Paragraph 6(2)(c) of the Expense Schedule sets out the maximum amount of travelling expenses that may be awarded for a person, where the arbitration takes place 300 or more kilometres from the person’s residence. The paragraph specifies the maximum as the lesser of the amount incurred by the person or a return economy airfair plus return trips (at 30 cents a kilometre) to the two airports. The provision does not allow for additional daily transportation expenses to and from the hearing.
As the Applicant could not point to any other provision which would allow for recovery of the TTC token receipts or the six telephone cards, I decline to award these expenses.
Conclusion
The Applicant's account of $10,734.31 is, therefore, reduced by the following amounts:
- law clerk's preparation $
59.80
- lawyer's preparation
361.82
- Mrs. Cruz's airline ticket
995.26
- telephone cards
60.00
- TTC token receipts
59.50
$ 1,536.38
Accordingly, Ms. Cruz is entitled to her expenses fixed at $9,197.93.
September 14, 2001
Lawrence Blackman Arbitrator
Date
Neutral Citation: 2001 ONFSCDRS 134
FSCO A00-001179
FINANCIAL SERVICES COMMISSION OF ONTARIO
BETWEEN:
MARIA DEL ROCIO CRUZ
Applicant
and
ROYAL & SUNALLIANCE INSURANCE COMPANY OF CANADA
Insurer
ARBITRATION ORDER
Under section 282 of the Insurance Act, R.S.O. 1990, c.I.8, as amended, it is ordered that:
- Royal & SunAlliance Insurance Company of Canada shall pay Ms. Cruz her expenses of this arbitration proceeding, fixed in the amount of $9,197.93.
September 14, 2001
Lawrence Blackman Arbitrator
Date
Footnotes
- The Statutory Accident Benefits Schedule — Accidents on or after November 1, 1996, Ontario Regulation 403/96, as amended by Ontario Regulations 462/96, 505/96, 551/96 and 303/98.
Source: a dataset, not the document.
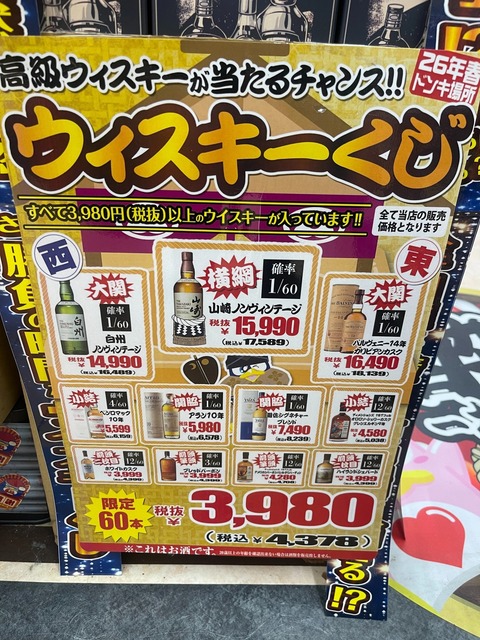 【画像】ドンキでウイスキーくじ買ったから今から開けてくｗｗｗ | 【画像】ドンキでウイスキーくじ買ったから今から開けてくｗｗｗ | 【画像】ドンキでウイスキーくじ買ったから今から開けてくｗｗｗ | 【画像】ドンキでウイスキーくじ買ったから今から開けてくｗｗｗ | 【画像】ドンキでウイスキーくじ買ったから今から開けてくｗｗｗ | 【画像】ドンキでウイスキーくじ買ったから今から開けてくｗｗｗ | やっちまった速報(画像08003555657036_6)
- Prior to January 1, 1994, Ontario Regulation 672 was called the No-Fault Benefits Schedule. After that date it became the Statutory Accident Benefits Schedule — Accidents Before January 1, 1994.
- Davidson and Pafco Insurance Company Limited (OIC A96-000055, March 26, 1997) and Blais and Pilot Insurance Company (OIC A-0144477, November 25, 1997) Assessment of Expenses letters.